__Action item__.
Every record needs to be repeated exactly; its pictures do not.

***** Materials provided

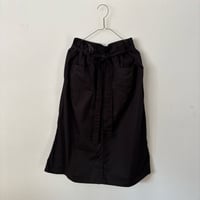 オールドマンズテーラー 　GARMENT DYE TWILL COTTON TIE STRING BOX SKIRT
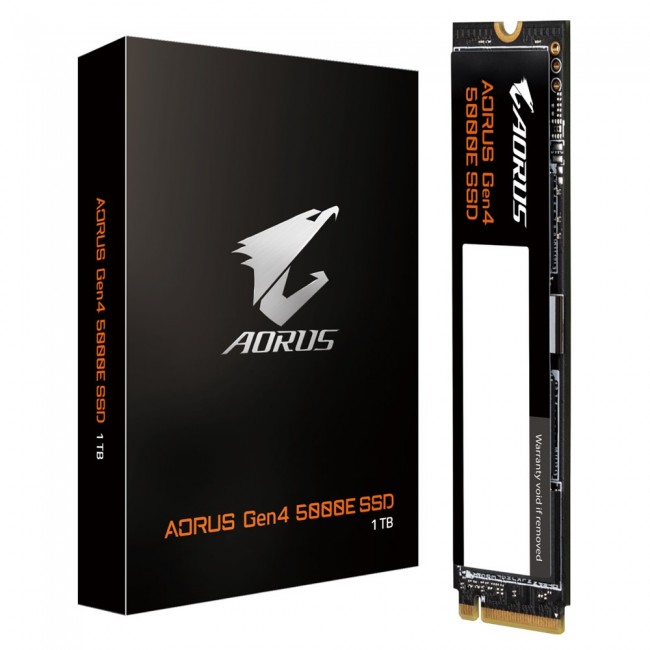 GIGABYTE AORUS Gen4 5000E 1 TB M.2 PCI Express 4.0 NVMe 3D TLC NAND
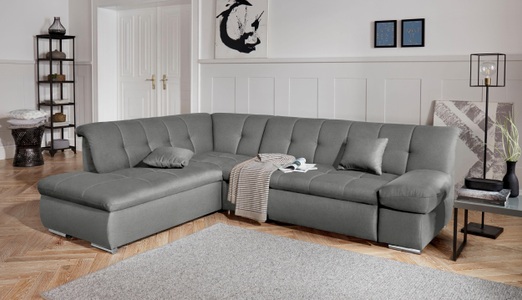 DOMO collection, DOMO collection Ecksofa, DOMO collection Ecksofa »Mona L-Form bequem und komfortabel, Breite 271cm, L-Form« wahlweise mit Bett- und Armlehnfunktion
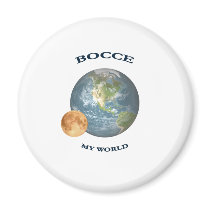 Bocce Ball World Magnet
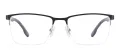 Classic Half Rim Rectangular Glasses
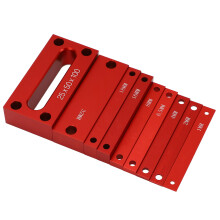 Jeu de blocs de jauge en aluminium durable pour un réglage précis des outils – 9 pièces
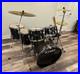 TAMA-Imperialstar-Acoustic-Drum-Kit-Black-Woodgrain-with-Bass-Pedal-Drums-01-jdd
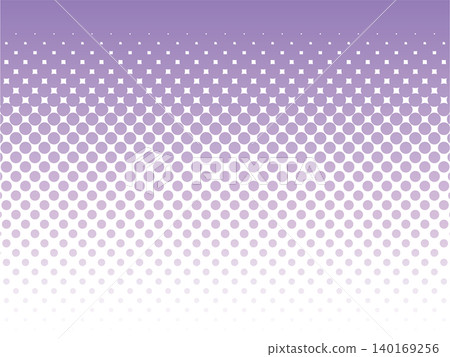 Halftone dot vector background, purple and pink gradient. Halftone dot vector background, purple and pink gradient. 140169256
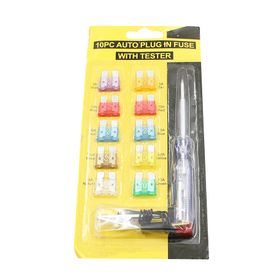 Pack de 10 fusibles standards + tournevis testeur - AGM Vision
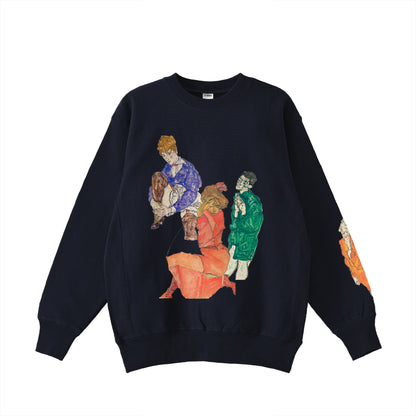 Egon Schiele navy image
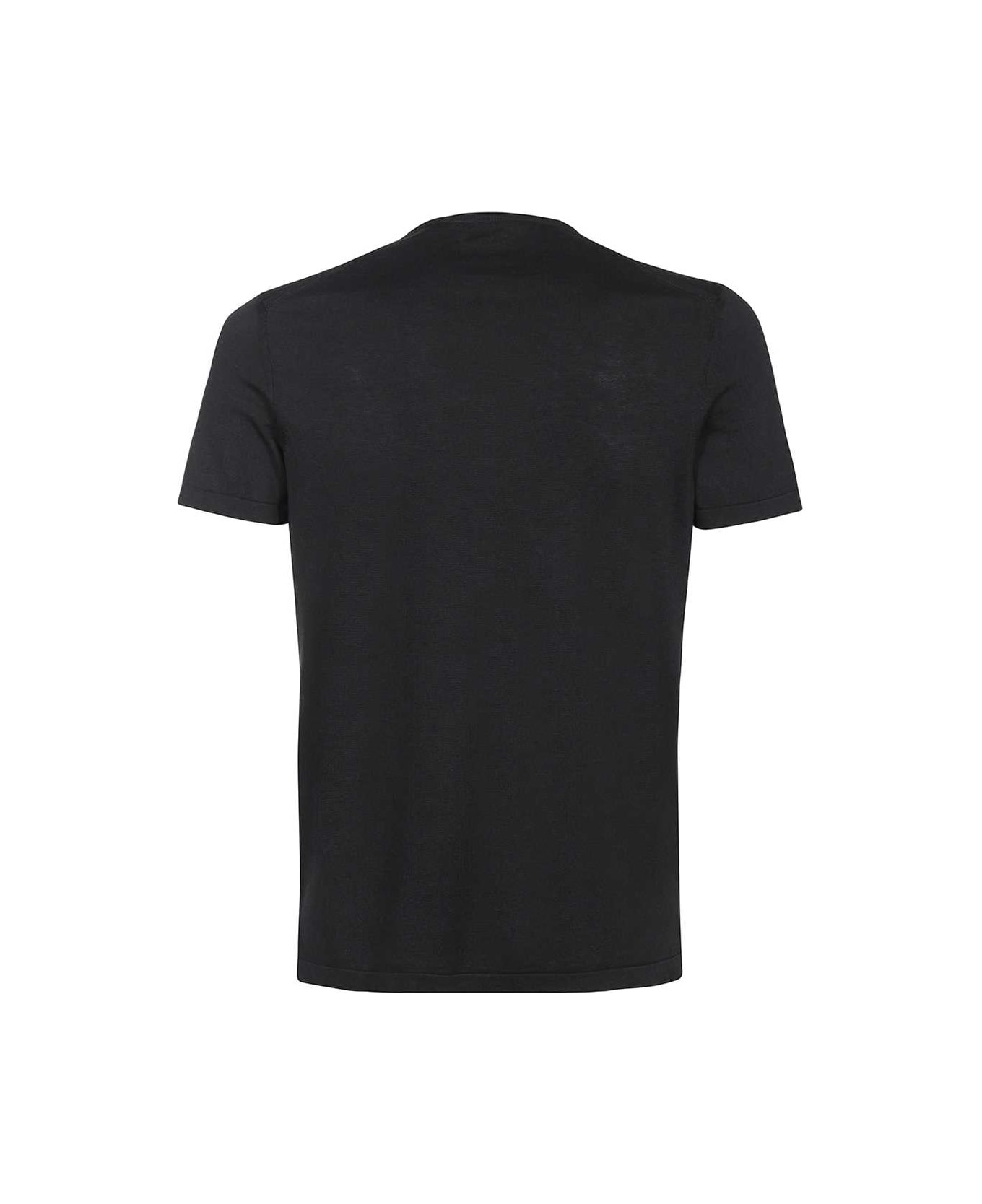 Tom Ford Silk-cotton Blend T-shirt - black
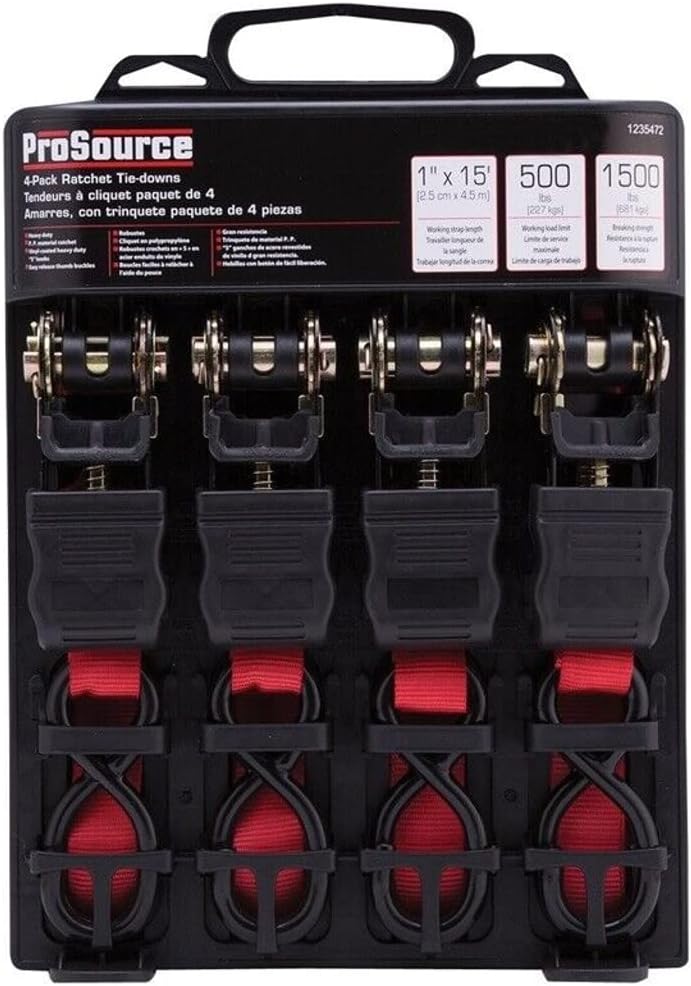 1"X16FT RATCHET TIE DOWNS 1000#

**********

__Answer below__.
 オールドマンズテーラー 　GARMENT DYE TWILL COTTON TIE STRING BOX SKIRT
 GIGABYTE AORUS Gen4 5000E 1 TB M.2 PCI Express 4.0 NVMe 3D TLC NAND
 DOMO collection, DOMO collection Ecksofa, DOMO collection Ecksofa »Mona L-Form bequem und komfortabel, Breite 271cm, L-Form« wahlweise mit Bett- und Armlehnfunktion
 Bocce Ball World Magnet
 Classic Half Rim Rectangular Glasses
 Jeu de blocs de jauge en aluminium durable pour un réglage précis des outils – 9 pièces
 TAMA-Imperialstar-Acoustic-Drum-Kit-Black-Woodgrain-with-Bass-Pedal-Drums-01-jdd
 Halftone dot vector background, purple and pink gradient. Halftone dot vector background, purple and pink gradient. 140169256
 Pack de 10 fusibles standards + tournevis testeur - AGM Vision
 Egon Schiele navy image
 Tom Ford Silk-cotton Blend T-shirt - black
 1"X16FT RATCHET TIE DOWNS 1000#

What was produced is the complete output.